8. When you go on vacation, have the post office hold your mail until you return. Also, don’t leave personal or financial information lying around when you leave. Be sure to lock up anything personal as best as possible when you’re going to be gone for a while.
9. Avoid ordering over the phone when you can. It’s best to send in a money order or check (without your address on it) when ordering over the phone. Sure, it may take longer, but your information will be safer and you won’t have to worry about your personal information being stolen.
10. Go over every bank and credit card statement with a fine tooth comb on the same day you receive them. Check for anything that looks suspicious or anything you aren’t familiar with.
11. Password-protect any sensitive data you might have on your computer. If you’re not sure how to do this, there are tons of articles online or you can take your computer to the Geek Squad at Best Buy if you’re really technologically challenged.

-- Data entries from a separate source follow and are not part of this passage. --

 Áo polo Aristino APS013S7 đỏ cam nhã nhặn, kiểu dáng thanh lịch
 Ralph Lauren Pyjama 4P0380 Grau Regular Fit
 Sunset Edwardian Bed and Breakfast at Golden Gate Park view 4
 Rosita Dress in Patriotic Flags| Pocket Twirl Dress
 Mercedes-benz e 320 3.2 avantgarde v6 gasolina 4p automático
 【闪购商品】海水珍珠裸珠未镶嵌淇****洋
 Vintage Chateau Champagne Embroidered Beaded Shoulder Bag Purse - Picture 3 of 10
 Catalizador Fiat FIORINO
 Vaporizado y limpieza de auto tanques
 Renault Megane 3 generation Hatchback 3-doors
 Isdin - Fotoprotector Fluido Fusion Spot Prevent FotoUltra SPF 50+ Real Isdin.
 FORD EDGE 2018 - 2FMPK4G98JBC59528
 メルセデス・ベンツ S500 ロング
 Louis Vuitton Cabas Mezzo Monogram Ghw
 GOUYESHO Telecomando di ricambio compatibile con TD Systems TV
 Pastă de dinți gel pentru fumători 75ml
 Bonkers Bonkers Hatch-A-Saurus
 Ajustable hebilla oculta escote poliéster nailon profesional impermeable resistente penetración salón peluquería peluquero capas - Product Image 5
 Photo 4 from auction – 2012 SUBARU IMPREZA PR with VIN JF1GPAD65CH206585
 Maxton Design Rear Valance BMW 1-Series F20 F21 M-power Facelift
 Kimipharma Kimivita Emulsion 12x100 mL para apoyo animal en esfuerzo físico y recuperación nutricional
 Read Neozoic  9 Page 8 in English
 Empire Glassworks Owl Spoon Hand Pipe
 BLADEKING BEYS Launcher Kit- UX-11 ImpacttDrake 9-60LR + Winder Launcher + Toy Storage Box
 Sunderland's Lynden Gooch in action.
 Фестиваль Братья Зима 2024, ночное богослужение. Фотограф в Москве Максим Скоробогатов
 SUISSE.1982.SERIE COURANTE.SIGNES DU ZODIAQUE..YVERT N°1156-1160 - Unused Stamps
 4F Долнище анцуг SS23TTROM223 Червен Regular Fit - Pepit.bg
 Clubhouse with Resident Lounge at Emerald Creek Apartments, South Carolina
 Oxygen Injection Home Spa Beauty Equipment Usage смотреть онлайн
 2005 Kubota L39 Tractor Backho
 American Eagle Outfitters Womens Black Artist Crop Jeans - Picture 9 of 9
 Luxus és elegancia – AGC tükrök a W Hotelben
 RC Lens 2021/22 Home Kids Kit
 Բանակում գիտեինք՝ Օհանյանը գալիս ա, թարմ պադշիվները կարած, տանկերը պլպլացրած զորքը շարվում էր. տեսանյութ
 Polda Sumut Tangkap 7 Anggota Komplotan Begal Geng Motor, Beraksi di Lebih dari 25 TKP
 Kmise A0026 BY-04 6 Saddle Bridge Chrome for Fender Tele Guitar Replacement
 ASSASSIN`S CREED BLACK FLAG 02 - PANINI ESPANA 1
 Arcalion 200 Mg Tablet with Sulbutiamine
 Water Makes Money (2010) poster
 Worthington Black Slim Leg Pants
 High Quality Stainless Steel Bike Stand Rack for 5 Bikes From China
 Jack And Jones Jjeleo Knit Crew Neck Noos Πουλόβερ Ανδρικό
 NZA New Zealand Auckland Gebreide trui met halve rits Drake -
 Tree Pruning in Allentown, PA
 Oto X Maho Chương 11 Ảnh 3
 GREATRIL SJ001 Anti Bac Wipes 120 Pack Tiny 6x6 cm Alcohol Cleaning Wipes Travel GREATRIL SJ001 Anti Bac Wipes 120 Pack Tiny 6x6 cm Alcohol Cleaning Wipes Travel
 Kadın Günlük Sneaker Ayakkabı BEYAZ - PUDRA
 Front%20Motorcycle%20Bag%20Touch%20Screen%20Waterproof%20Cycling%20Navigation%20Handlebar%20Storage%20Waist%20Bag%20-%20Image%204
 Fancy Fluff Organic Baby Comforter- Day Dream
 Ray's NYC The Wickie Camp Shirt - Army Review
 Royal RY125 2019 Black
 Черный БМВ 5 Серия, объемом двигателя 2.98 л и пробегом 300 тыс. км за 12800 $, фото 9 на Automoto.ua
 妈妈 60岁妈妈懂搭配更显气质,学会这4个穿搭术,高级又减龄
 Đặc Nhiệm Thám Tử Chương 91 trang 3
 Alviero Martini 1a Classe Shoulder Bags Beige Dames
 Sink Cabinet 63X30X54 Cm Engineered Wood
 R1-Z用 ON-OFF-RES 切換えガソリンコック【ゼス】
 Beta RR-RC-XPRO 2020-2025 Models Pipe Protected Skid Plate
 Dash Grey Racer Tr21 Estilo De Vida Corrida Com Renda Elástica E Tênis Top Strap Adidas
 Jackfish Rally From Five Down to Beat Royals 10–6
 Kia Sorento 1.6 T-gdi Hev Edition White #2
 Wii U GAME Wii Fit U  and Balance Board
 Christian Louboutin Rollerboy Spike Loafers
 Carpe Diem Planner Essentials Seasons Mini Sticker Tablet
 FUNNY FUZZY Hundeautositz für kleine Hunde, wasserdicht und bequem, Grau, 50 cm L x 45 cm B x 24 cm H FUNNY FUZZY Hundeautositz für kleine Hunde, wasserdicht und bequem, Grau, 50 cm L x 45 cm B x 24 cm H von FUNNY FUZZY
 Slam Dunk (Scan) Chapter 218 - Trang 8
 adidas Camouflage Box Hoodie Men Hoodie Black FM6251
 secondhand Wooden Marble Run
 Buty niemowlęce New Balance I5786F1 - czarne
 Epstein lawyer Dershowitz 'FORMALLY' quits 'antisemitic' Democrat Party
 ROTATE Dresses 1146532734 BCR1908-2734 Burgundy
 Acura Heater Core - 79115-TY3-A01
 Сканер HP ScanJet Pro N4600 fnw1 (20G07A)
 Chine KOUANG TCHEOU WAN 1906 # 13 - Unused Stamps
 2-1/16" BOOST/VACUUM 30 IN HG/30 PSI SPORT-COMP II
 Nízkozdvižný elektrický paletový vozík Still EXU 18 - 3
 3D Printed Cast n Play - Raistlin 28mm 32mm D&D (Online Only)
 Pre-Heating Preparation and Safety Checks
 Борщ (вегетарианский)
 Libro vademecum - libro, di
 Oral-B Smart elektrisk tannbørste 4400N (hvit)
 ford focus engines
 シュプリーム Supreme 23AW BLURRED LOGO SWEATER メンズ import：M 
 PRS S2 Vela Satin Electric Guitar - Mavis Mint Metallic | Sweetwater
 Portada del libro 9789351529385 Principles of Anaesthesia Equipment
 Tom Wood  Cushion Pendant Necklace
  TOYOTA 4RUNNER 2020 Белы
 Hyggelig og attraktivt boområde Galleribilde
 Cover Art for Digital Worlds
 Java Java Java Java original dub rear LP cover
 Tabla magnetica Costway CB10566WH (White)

12. Get identity theft insurance. Purchase identity theft insurance with your homeowner or renter policies. It even comes as a stand-alone policy. Credit card companies also offer this type of insurance when you apply for a credit card and get approved. This can give you peace of mind when you use your credit.
Protecting yourself and your family from identity theft may seem like a tough job, but it doesn’t have to be if you follow these tips and make them part of your everyday life. Pretty soon, it’ll become like second nature and you can feel secure knowing you and your family are protected from hackers and ID thieves.